According to an investigation by a network of journalists, there are still considerable deficits in the fight against international money laundering. Consequently, information revealed overnight from a data breach by the U.S. Treasury Department reveals that banks around the world have been doing business with high-risk clients for years and Despite strict regulations, they have accepted suspected criminals as clients and made transfers worth billions of dollars for them. According to the information, they sometimes reported these processes very hesitantly and sometimes years late.

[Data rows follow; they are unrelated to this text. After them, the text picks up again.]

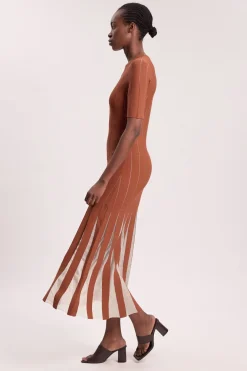 Robe Mi-Longue Tricotée à Manches Courtes et Jupe Évasée en Mélange de Viscose Petite Taille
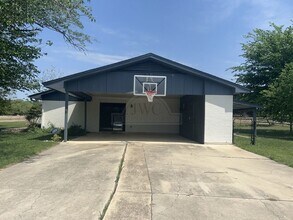 2807 Brinegar Rd in Copperas Cove, TX - Building Photo - Building Photo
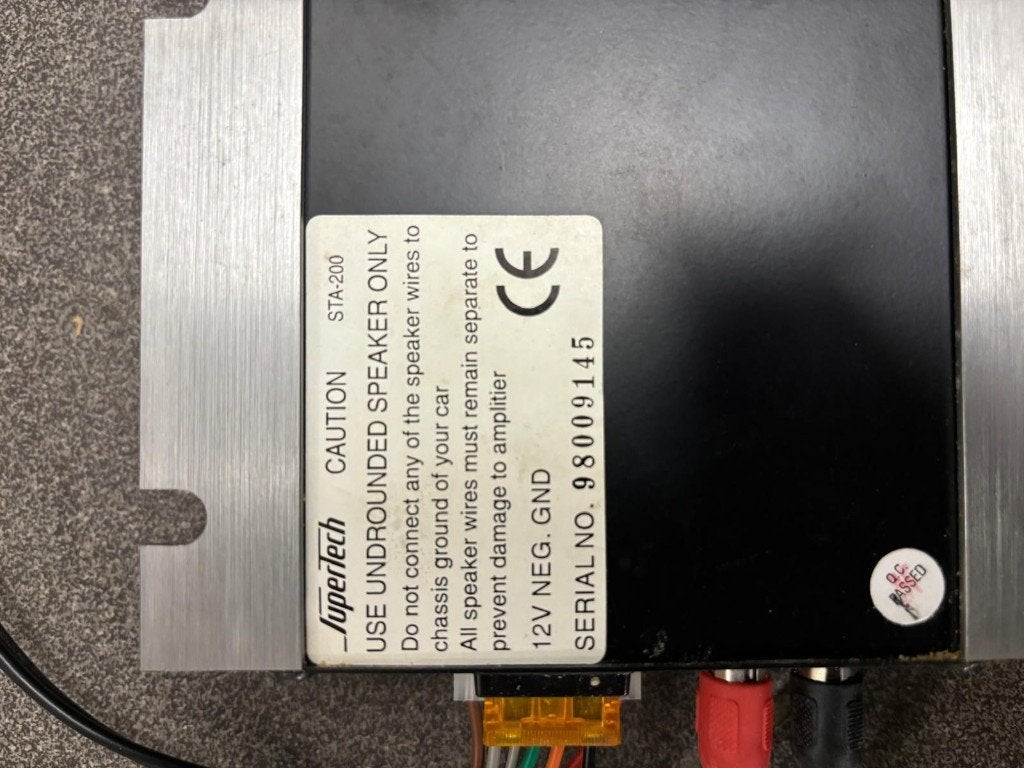 versterker 200 Watt, 12 Volt (stereo), Zo goed als nieuw, 120 watt of meer, Stereo, Ophalen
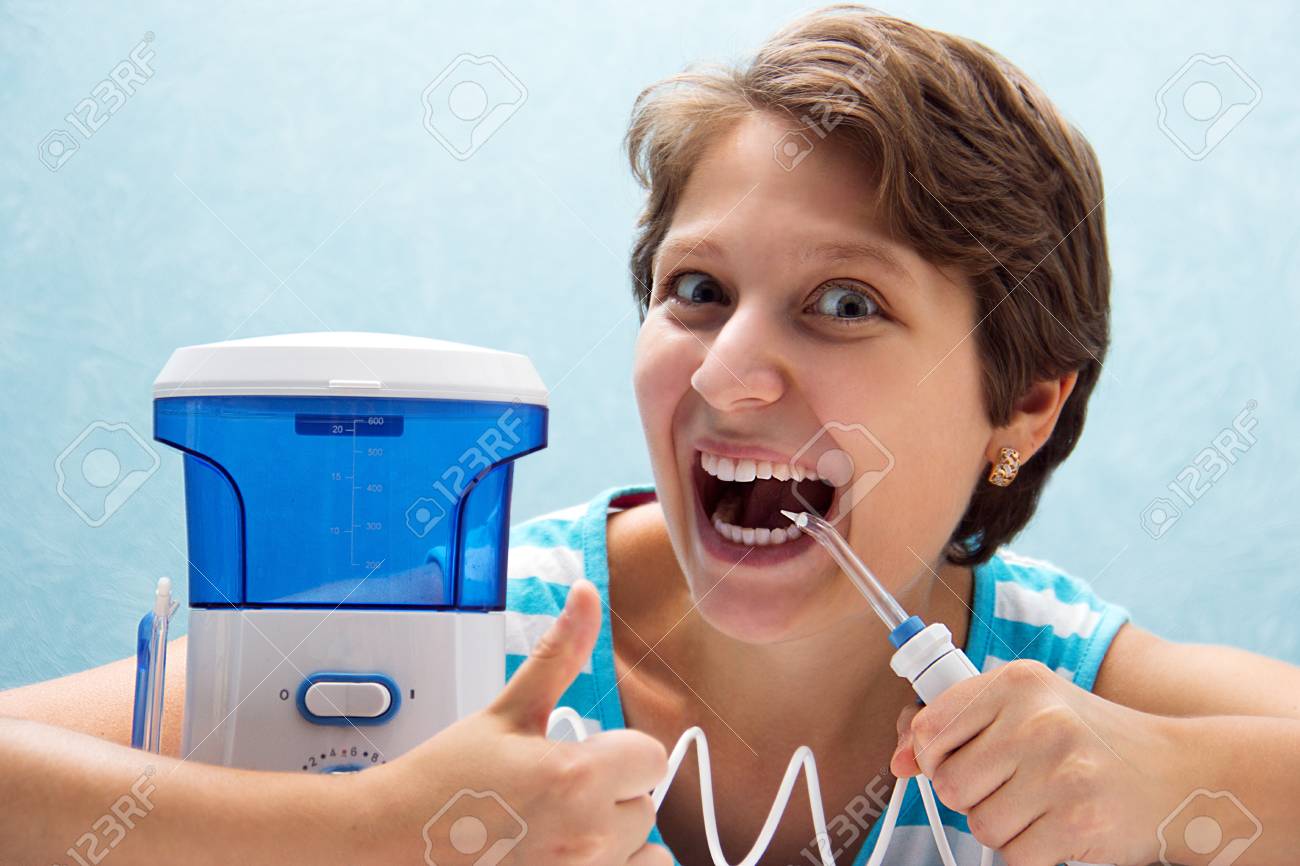 cepillo de dientes con agua a presion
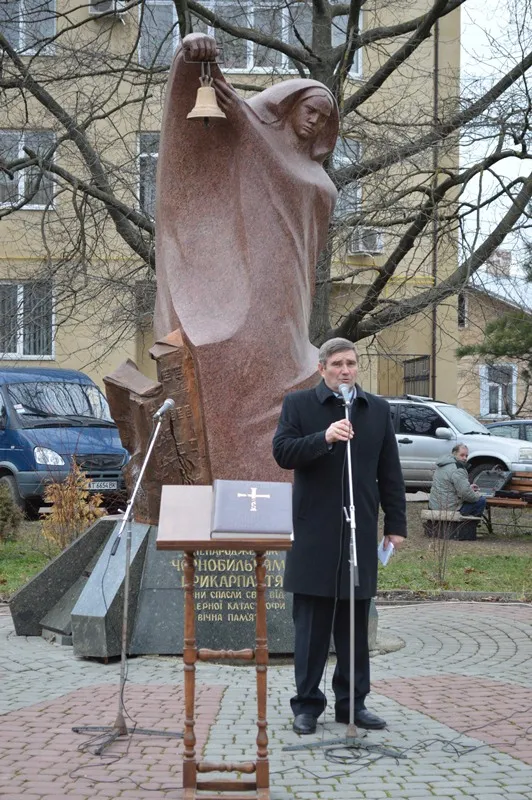 В Івано-Франківську вшанували пам'ять жертв Чорнобильської катастрофи (фото) — фото 7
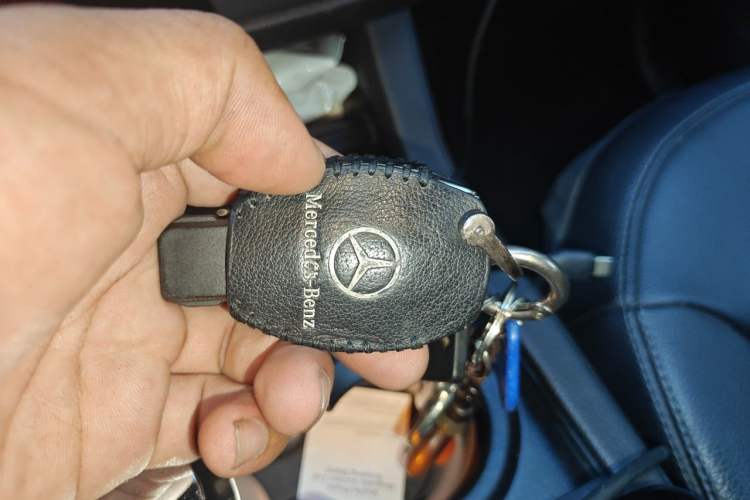 Used Mercedes-Benz GLS-Class 2016 GLS 450 Low-Power Version U.S. Specification Vehicle Key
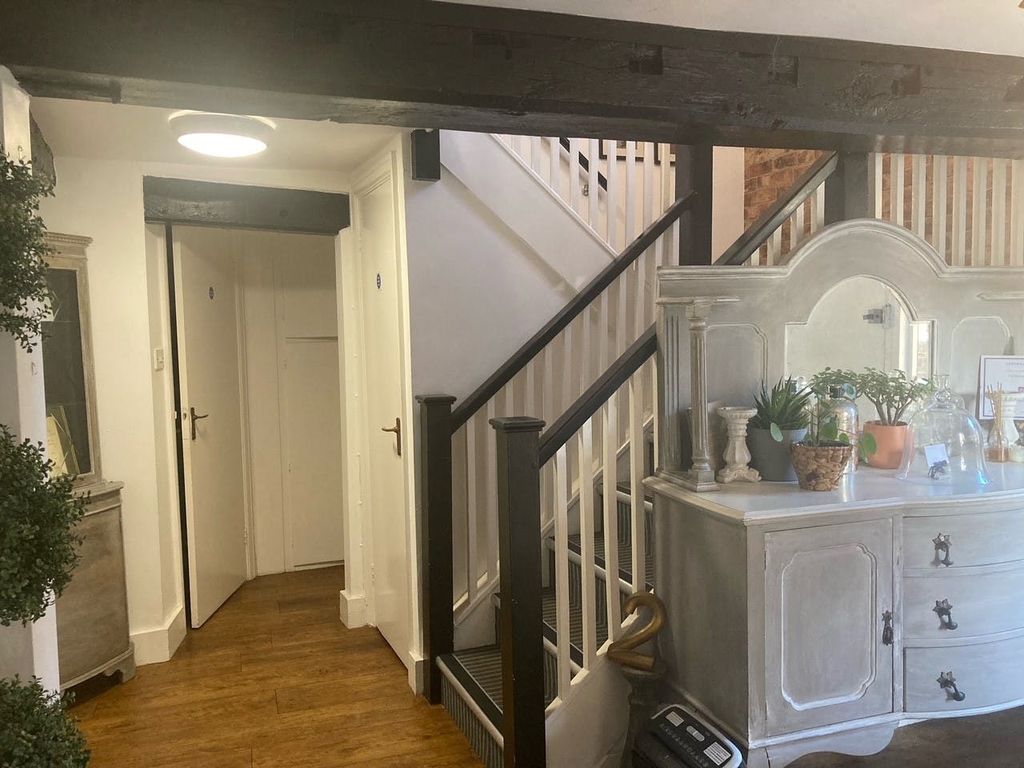 Property photo 2 of 10 12.Jpg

This is the result of a joint investigation by various media partners, which was published under the name “FinCEN-Files”. The US online media Buzzfeed News shared the documents with the journalist network ICIJ (International Consortium of Investigative Journalists).

According to the information, 110 outlets from 88 countries participated in the investigation, including NDR, WDR, “Süddeutsche Zeitung” and Buzzfeed News in Germany. According to the media involved, the “FinCEN files” contain more than 2,100 reports of suspicious transactions from 2000 to 2017. The total amount of transactions is around two trillion dollars, currently 1.69 trillion euros.

“The American Financial System as a Global Money Laundering Engine Room”

The tax justice network, which for years has pointed out abuses in the fight against international money laundering, was not very surprised by the deficits revealed. The data leak offers “a shocking insight into the central role of the US financial system as a machine room for global money laundering,” said Markus Meinzer of the German news agency network. The United States came in ignominious second place after the Cayman Islands in the shadow financial index. “To improve, the United States would eventually have to switch to exchanging fiscal data with the rest of the world. Europe and Germany must insist on that.”

But there are still many problems in Germany. “After the Cum-Ex and Wirecard scandals, it should have been clear to everyone: the German financial supervisory authority Bafin fails too often and it must fundamentally rethink and rebuild,” demanded Meinzer. “When organized crime infiltrates the economy and kleptocrats loot their states with the help of Western banks, freedom and democracy are threatened everywhere.” The rule of law must finally take it seriously and punish money laundering seriously.

Germany currently plays a key role in the international fight against money laundering and terrorist financing. Because in July Germany assumed the presidency of the Financial Action Task Force (FATF) for two years through the Federal Ministry of Finance. According to the Ministry of Finance, it is an international institution in which the governments of 37 member states work together, as well as the European Commission and the Gulf Cooperation Council.